Now if these shared truths are true irrespective of our judgment, it would seem that they are superior to our intellect.  This suggests that these shared truths are greater than our intellect since the intellect must conform to these shared truths, and not the shared truths to our intellect.

This truth appears to have the same characteristics as God:

“It is in no place, yet nowhere is it absent; from without it admonishes us, within it instructs us.  It changes all its beholders for the better; it is itself never changed for the worse; without it, no one judges right.”

Our experience therefore indicates that these shared truths point to a truth external from us that is immutable and, what is more eternal.  These shared truths do not change and will never change, and so behind these shared truths there appears to be a truth which is immutable and eternal and to which we ought to conform.  This truth is God, or if there is something even higher than this truth, then this something higher is God.  In either event, God exists.

If truth, then God.
There is an inextricable link between truth, our faculty to recognize it, our search for truth, and God.  This is St. Augustine’s argument.

It was an argument from experience.  He tells us in his autobiographical Confessions that, from the age of nineteen when he happened upon Cicero’s treatise Hortensius during the course of his rhetorical studies, he was convinced that happiness was found in wisdom.

Cicero’s treatise, St. Augustine says, was an “exhortation to philosophy,” and the effect of Cicero’s treatise on the young Augustine was such that it filled him with a magnum incendium, a “burning desire,” to devote himself to acquiring wisdom.  At the time ignorant of, or perhaps better oblivious to, Christ, he was nevertheless “enkindled and inflamed to love, to seek, to obtain, to hold, and to embrace, not this or that sect, but wisdom itself, wherever it might be.”

Eventually, the quest for happiness through wisdom brought him to the Incarnate Word, Jesus.  And when St. Augustine put his faith in Jesus, he found out that Jesus was the fulfillment of all his yearnings, that satisfaction of all his hopes.  His only sorrow was that he did not come upon him early enough.  Too late did he begin to love the Truth who had a name!

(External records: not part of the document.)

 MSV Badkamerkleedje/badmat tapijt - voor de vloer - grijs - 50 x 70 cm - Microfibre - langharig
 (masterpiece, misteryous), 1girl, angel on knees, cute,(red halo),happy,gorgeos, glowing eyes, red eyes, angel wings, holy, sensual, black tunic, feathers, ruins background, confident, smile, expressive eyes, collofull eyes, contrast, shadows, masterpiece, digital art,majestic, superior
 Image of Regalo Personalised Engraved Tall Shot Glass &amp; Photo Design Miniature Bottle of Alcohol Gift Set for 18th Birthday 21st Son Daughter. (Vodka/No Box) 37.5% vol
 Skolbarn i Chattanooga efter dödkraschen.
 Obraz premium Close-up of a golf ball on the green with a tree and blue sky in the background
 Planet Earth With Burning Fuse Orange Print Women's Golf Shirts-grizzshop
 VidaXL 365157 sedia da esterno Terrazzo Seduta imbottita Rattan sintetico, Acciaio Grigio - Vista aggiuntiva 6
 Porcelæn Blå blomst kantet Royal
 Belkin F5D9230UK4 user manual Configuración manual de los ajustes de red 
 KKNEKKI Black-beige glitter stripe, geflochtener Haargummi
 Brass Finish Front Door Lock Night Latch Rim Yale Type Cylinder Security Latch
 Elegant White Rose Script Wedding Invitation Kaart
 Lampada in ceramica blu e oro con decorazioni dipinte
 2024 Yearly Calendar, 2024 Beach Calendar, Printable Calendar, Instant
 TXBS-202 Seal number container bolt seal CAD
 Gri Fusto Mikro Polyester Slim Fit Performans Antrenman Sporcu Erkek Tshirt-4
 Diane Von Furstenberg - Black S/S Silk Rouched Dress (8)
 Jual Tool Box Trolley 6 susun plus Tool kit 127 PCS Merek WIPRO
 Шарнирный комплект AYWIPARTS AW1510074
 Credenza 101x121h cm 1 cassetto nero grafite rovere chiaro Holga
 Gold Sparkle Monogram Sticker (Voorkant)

St. Edith Stein, whose own pilgrimage in truth led her from philosophy to Jesus and to becoming a Carmelite nun and taking the name Sister Teresa Benedicta of the Cross, traveled on this Augustinian road to God.  As John Paul II stated in his Homily for her canonization on October 11, 1998:

“The love of Christ was the fire that inflamed the life of St Teresa Benedicta of the Cross. Long before she realized it, she was caught by this fire.  At the beginning she devoted herself to freedom.  For a long time Edith Stein was a seeker.  Her mind never tired of searching and her heart always yearned for hope.  She traveled the arduous path of philosophy with passionate enthusiasm.  Eventually she was rewarded: she seized the truth.  Or better: she was seized by it.  Then she discovered that truth had a name: Jesus Christ.  From that moment on, the incarnate Word was her One and All.  Looking back as a Carmelite on this period of her life, she wrote to a Benedictine nun: ‘Whoever seeks the truth is seeking God, whether consciously or unconsciously.'”

Would that the fire for truth, the burning desire for truth that seized the souls of St. Augustine of Hippo and St. Edith Stein, saints fifteen centuries apart, catch a hold of all of us and take us, consciously or unconsciously, into the path of the Truth who has a name.  His name is Jesus.